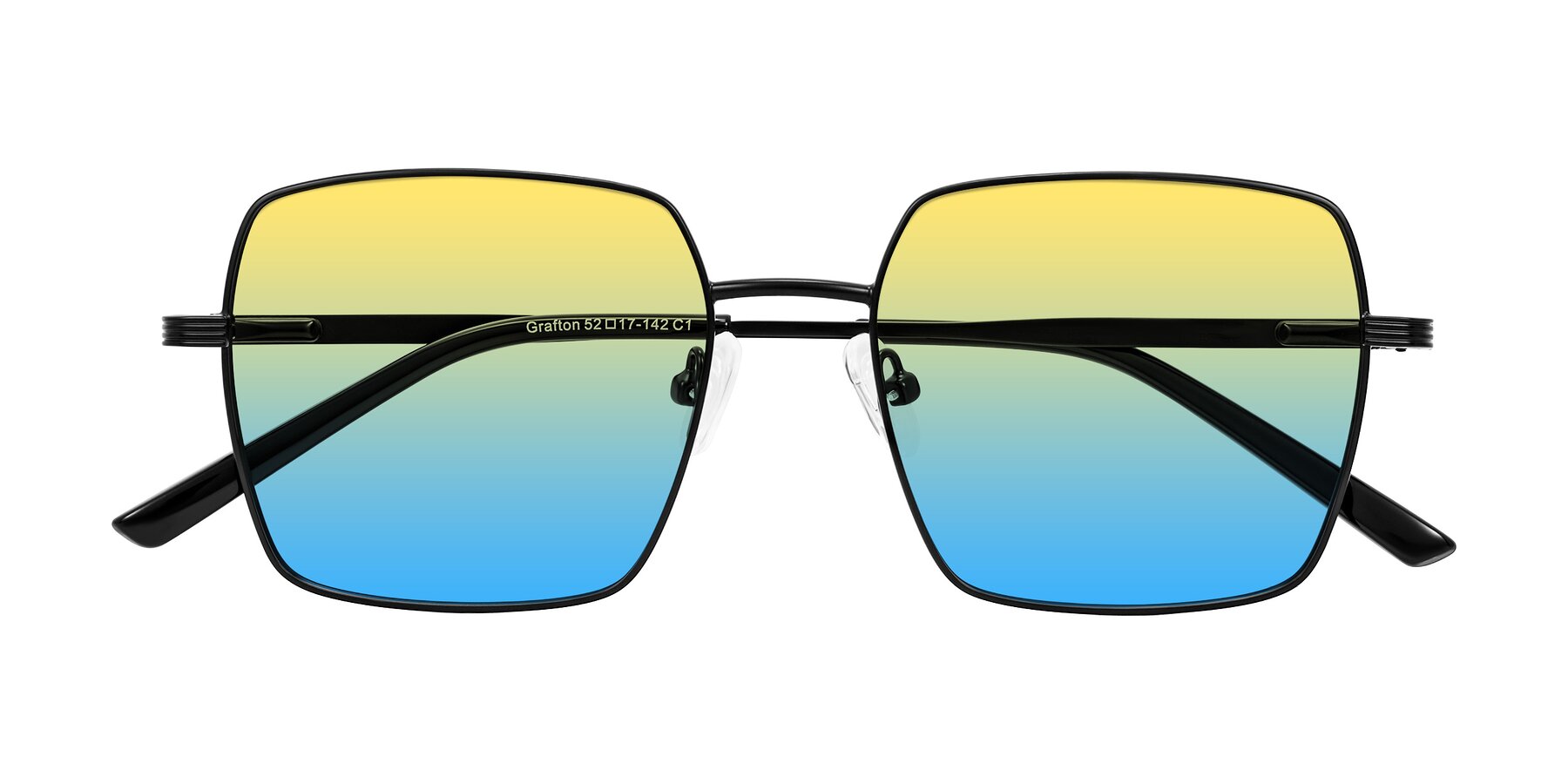Folded Front of Grafton in Matte Black with Yellow / Blue Gradient Lenses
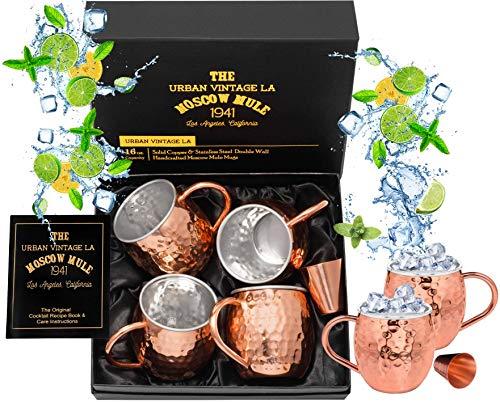 Set of 4 Moscow Mule Copper Mugs with Stainless Steel Lining and Shot Glass in Gift Box, Premium Food Safe Double Wall Heavy Copper Cups for Everyday Use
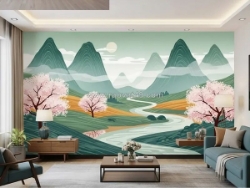 Tranh dán tường phong cảnh cho phòng khách thoáng rộng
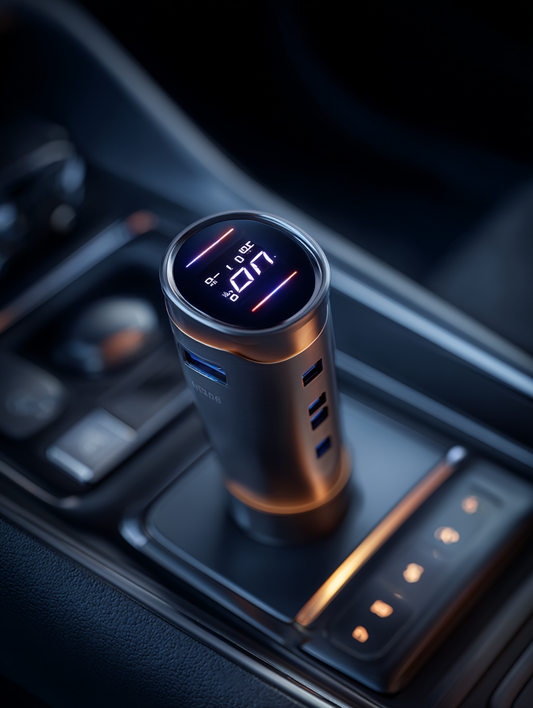 "6-in-1 Smart Car Charger with Digital Voltage Display"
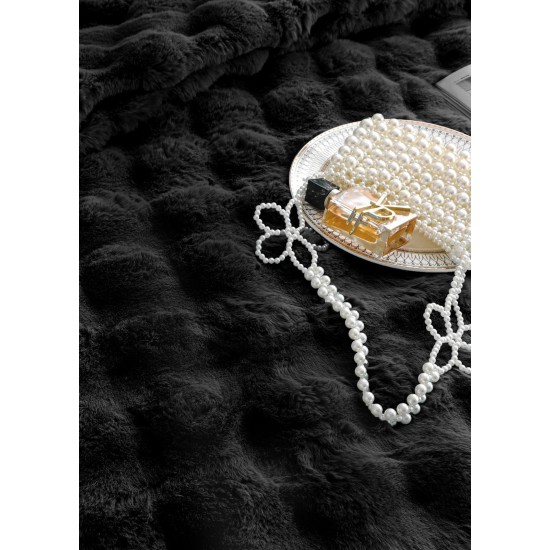 Lenjerie de pat, DeLuxe, cocolino tip blăniță iepure, 2 persoane, 6 piese, Negru, LCE-027 Lenjerii Blanita Iepure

● ● ● ● ● ● ●

■ YOUR ASSIGNMENT
Pictures excluded, return exactly the lines from the one with "Set of 4 Moscow" through the final line of the entries above, both included.

■ RESPONSE TO THIS TASK
 Set of 4 Moscow Mule Copper Mugs with Stainless Steel Lining and Shot Glass in Gift Box, Premium Food Safe Double Wall Heavy Copper Cups for Everyday Use
 Tranh dán tường phong cảnh cho phòng khách thoáng rộng
 "6-in-1 Smart Car Charger with Digital Voltage Display"
 Lenjerie de pat, DeLuxe, cocolino tip blăniță iepure, 2 persoane, 6 piese, Negru, LCE-027 Lenjerii Blanita Iepure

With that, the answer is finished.